> **Work to complete**: Transcribe the listing below word for word but skip its images.

> **Information provided**:
═══

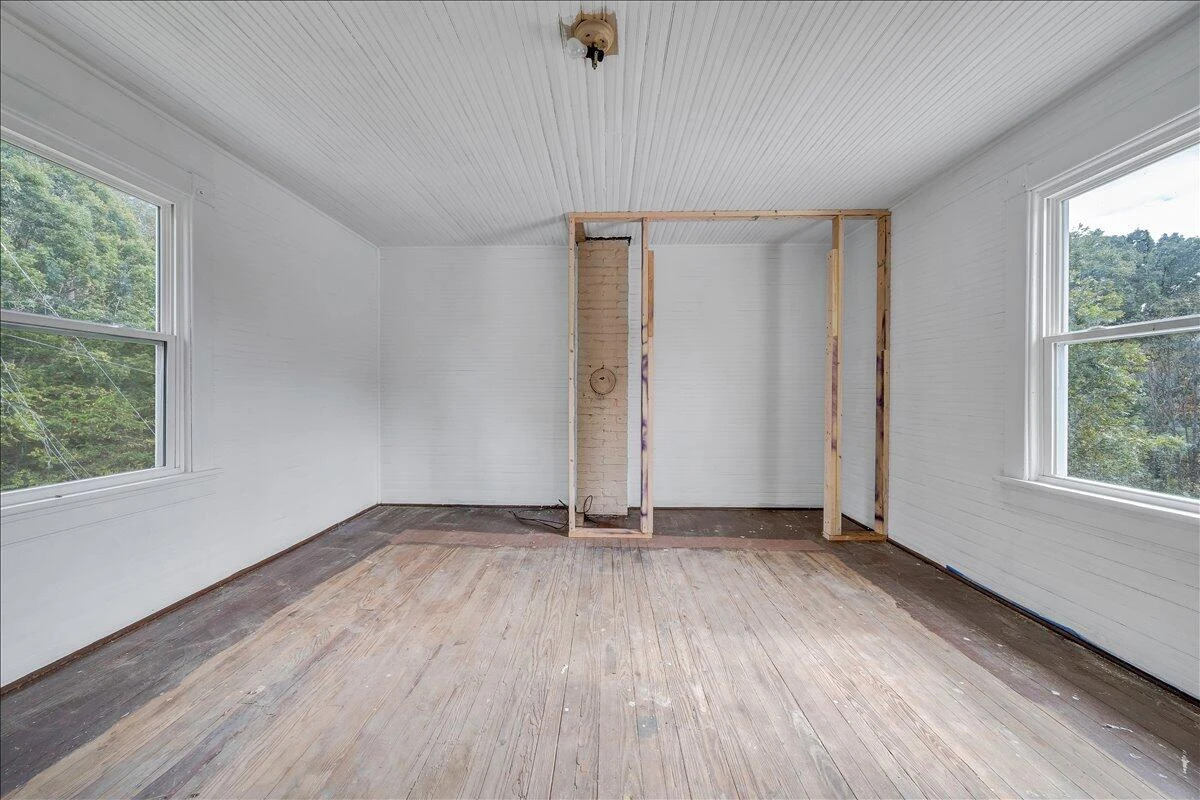 104 Claytor RD - Photo 14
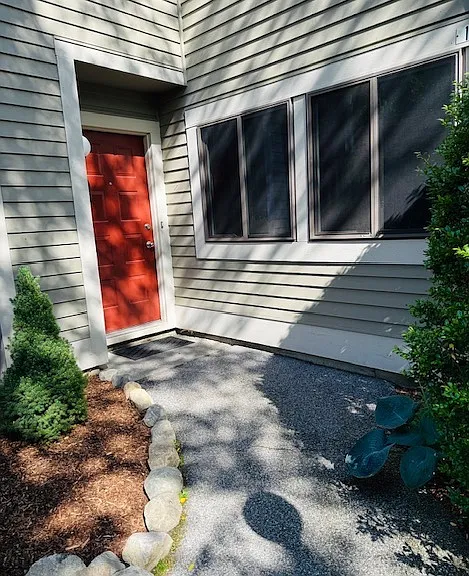 121 Stone Mdw — Photo 1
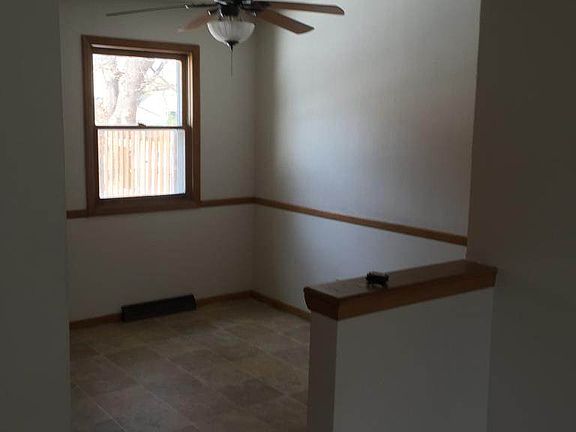 4th image of 205 River Ln APT 2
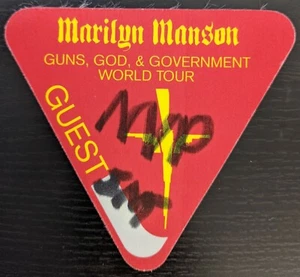 MARILYN MANSON "GUNS, GOD & GOVERNMENT" WORLD TOUR BACKSTAGE PASS 2002 - Bild 1 von 1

═══

> **Exercise answer**:
 104 Claytor RD - Photo 14
 121 Stone Mdw — Photo 1
 4th image of 205 River Ln APT 2
 MARILYN MANSON "GUNS, GOD & GOVERNMENT" WORLD TOUR BACKSTAGE PASS 2002 - Bild 1 von 1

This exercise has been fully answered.